Vegan Italian Sausage & Ricotta Zucchini Pinwheels

  • Author: Nina | Tofu Test Kitchen
  • Prep Time: 10
  • Cook Time: 60
  • Total Time: 1 hour 10 minutes


Rolled up zucchini noodles make a perfect pinwheel for lasagna, and Italian seasonings pack in the flavor in the chickpea sausage & tofu ricotta.



Pinwheels & sauce

  • 3 medium zucchini, thinly sliced lengthwise using a mandoline
  • 2 ½ cups marinara sauce
  • 2 cloves garlic, minced
  • 3 cups baby spinach

Tofu ricotta

  • 1 15-oz package firm tofu, drained and pressed
  • 2 tbsp nutritional yeast
  • 1 tbsp brewers yeast 
  • 2 tsp dried parsley
  • 1 ½ tsp dried basil
  • 1 tsp dried oregano
  • ¼ tsp salt
  • ¼ tsp black pepper

Italian chickpea sausage crumbles

  • 1 tbsp extra virgin olive oil
  • ½ cup diced onion
  • 2 cloves garlic, minced
  • 1 ½ 15-oz cans low sodium chickpeas, drained and rinsed
  • 2 tbsp green olives, chopped
  • 1 tbsp red wine vinegar
  • 1 tsp tamari
  • 1 tsp dried oregano
  • 1 tsp smoked paprika
  • ½ tsp dried thyme
  • ½ tsp ground sage
  • ¼ tsp cayenne pepper
  • ¼ tsp black pepper

Suggested toppings: fresh basil, cashew Parmesan cheese, red pepper flakes


  1. In a large pan, heat 1 tbsp extra virgin olive oil on medium heat.
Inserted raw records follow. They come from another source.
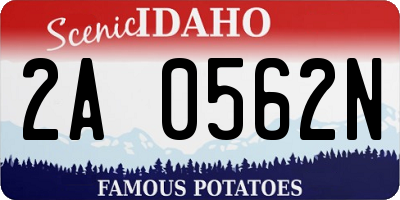 ID license plate 2A0562N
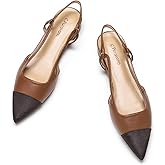 C.Paravano Women's Pointed Toe Slingback Flats | Comfort Heeled Sandals | Slip-On Flats | Perfect for Casual, Business, Party, Date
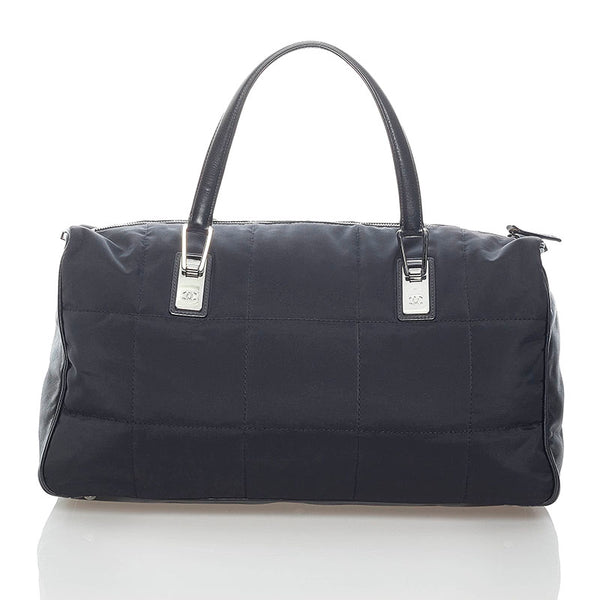 シャネル チョコバー ミニボストン ハンドバッグ ブラック ナイロン レザー レディース CHANEL 【中古】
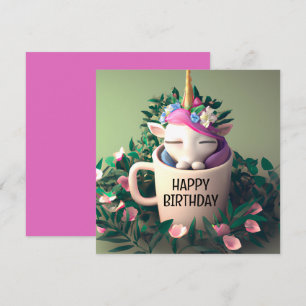 Carte d'Anniversaire Unicorn numérique mignonne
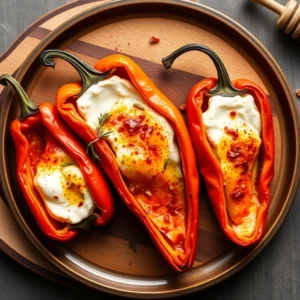 baked-sweet-peppers-with-goat-cheese-and-balsamic-vinegar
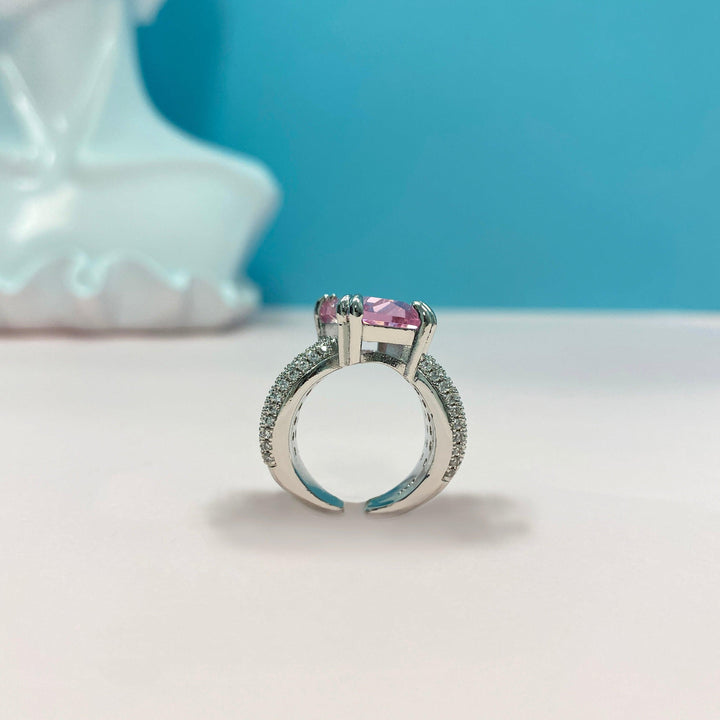 Pink Radiant Shaped Open Ring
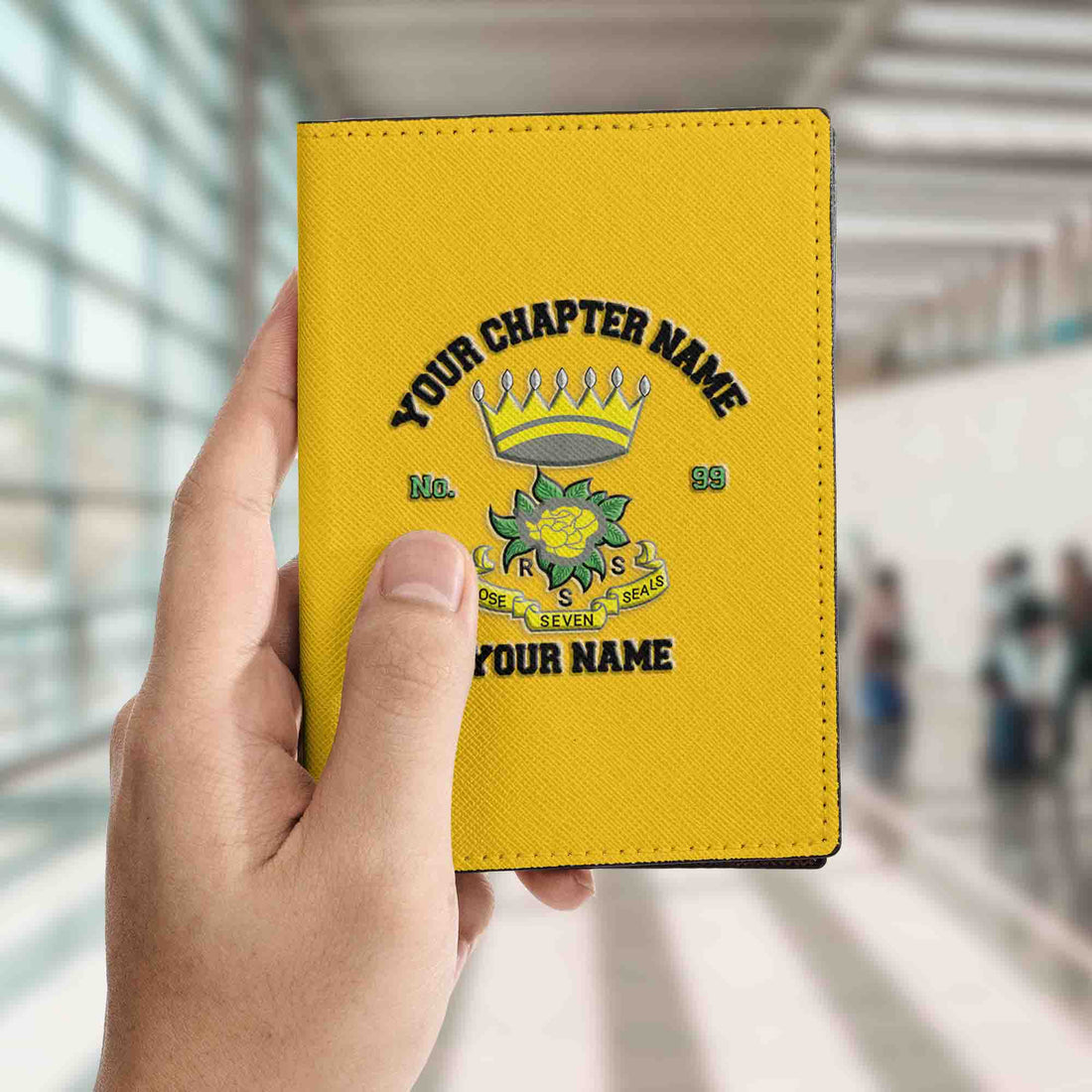 Personalized Rose Of The Seven Seals RSS Masonic Passport Holder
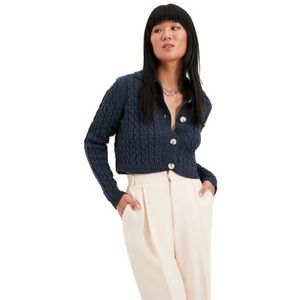 Trendyol Dames Slim Basic Polo Neck Knitwear Vest, Indigo, M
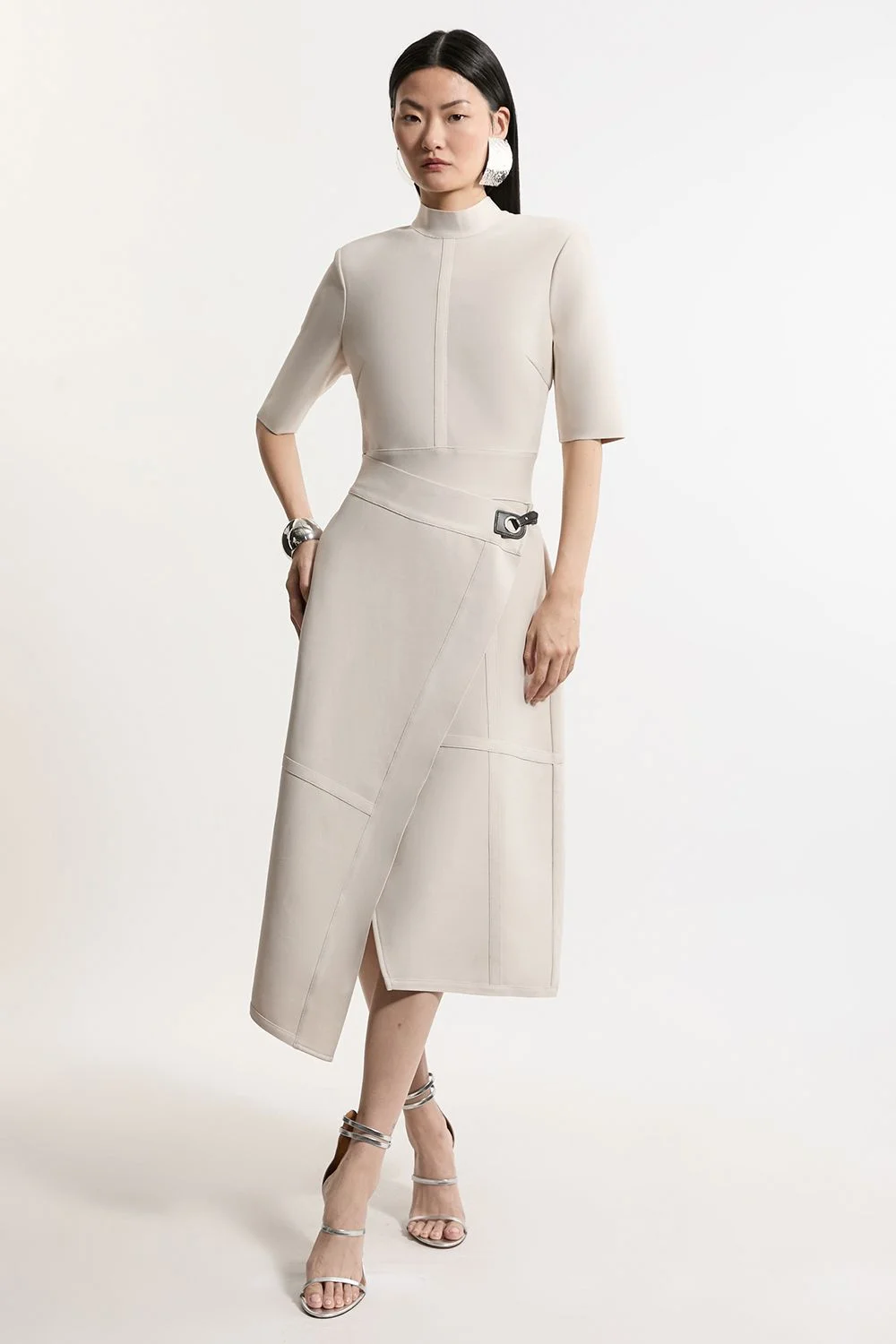 Tall Figure Form Bandage Asymmetric Knit Midi Dress - 1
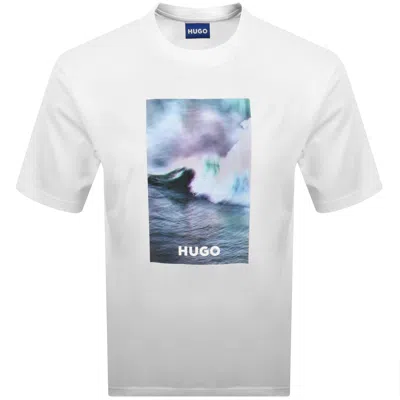 Hugo Blue Artwork T Shirt White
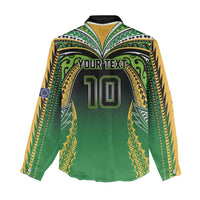 Custom Cook Islands Rugby League Women Casual Shirt Avaiki Tatau Tribal Motifs Black Color LT03 - Polynesian Pride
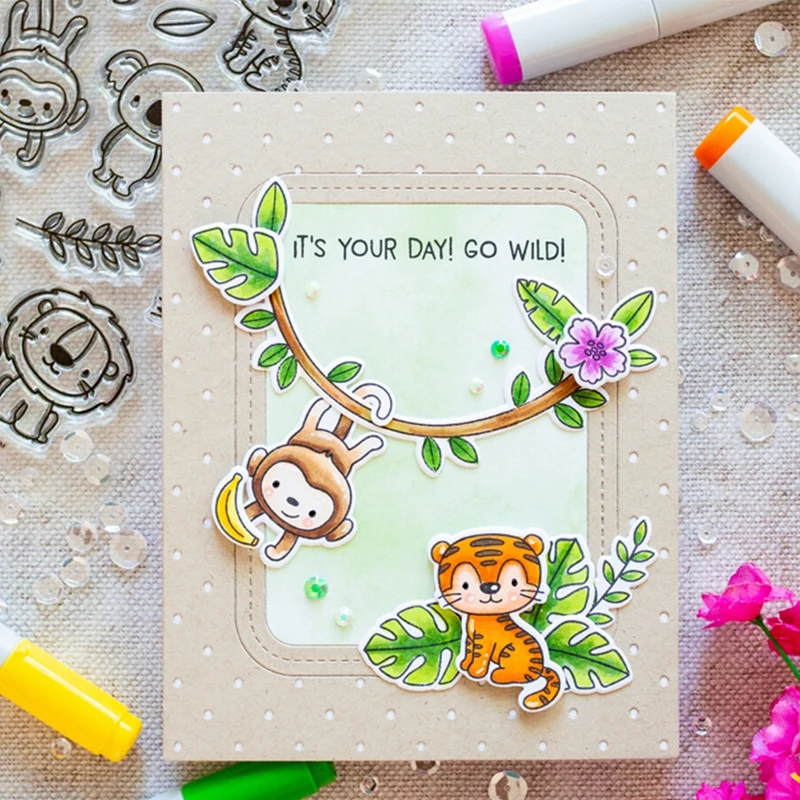 

Lion Tiger Clear Silicone Stamp DIY Scrapbooking Card Album Making Background Craft Handmade Decoration Template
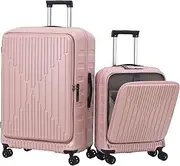 [Kaleenie] 2 Pieces 20/29 Luggage Sets, 20 Inch Cabin Luggage with Front Pocket & 29 Inch Side Opening Suitcase, Ligthweight ABS+PC Hardshell, Pink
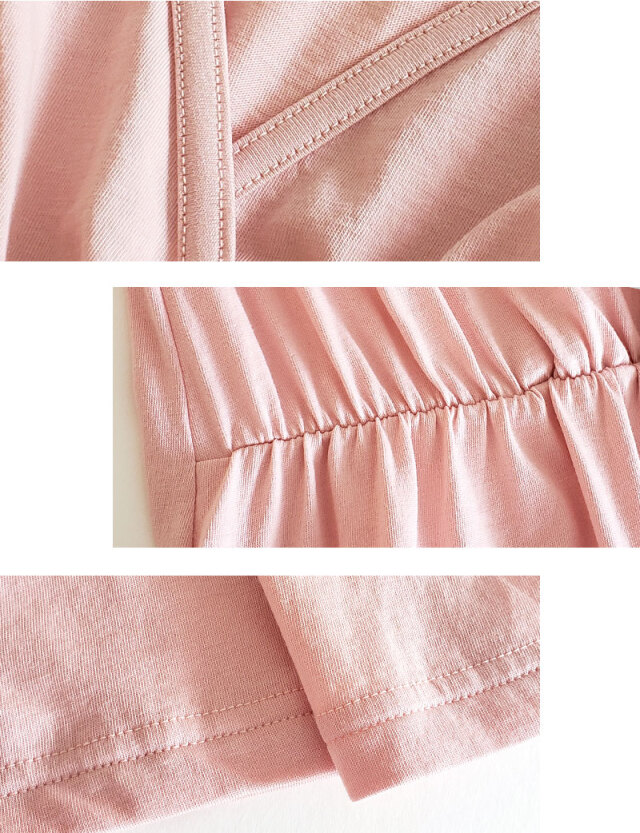 オーガニックコットン100％ カシュクールロング丈インナー 授乳服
Add garlic and heat for 30 seconds until fragrant. Add sauce and spinach, stir, and continue to heat on medium in order to reduce the sauce until it thickens, about 10 minutes. Then set aside.
  2. Roll the rinsed chickpeas around in a clean lint-free kitchen towel to dry thoroughly and help remove the skins. You don’t have to remove them all, just the majority. In a large bowl, crumble the chickpeas with a fork or potato masher. Stir in the olives, tamari, vinegar, and sausage seasonings.
  3. Heat 1 tbsp oil on low heat in a medium pan. Add the diced onion and cook until soft and translucent, about 8 minutes. Add 2 cloves minced garlic and heat for another 30 seconds. 
  4. Add the chickpea mixture to the pan, stir, and increase heat to medium. Cook for another 5 minutes, then remove from heat.
  5. Line a baking sheet with a couple layers of paper towels. Lay the zucchini slices flat on the towels and sprinkle generously with salt. Place one layer of paper towels on top of the salted slices, let rest for 10 mins, then wipe clean to remove excess moisture from the zucchini.
  6. In a large bowl, crumble the tofu with a fork or your fingers until it takes on a ricotta like consistency. Add the yeasts, parsley, basil, oregano, salt, and pepper. Stir to combine, taste, and adjust the seasonings if necessary.
  7. Preheat oven to 350 F. Lightly oil a round casserole dish, pour in marinara, and set aside.
  8. On each slice of zucchini, spread about ½ tbsp each of the ricotta and sausage mixtures. Roll up each zucchini slice into pinwheels. Gently place each one in the marinara casserole dish. 
  9. Bake for 30 minutes and serve warm. Consider topping with fresh basil, cashew Parmesan cheese, and red pepper flakes.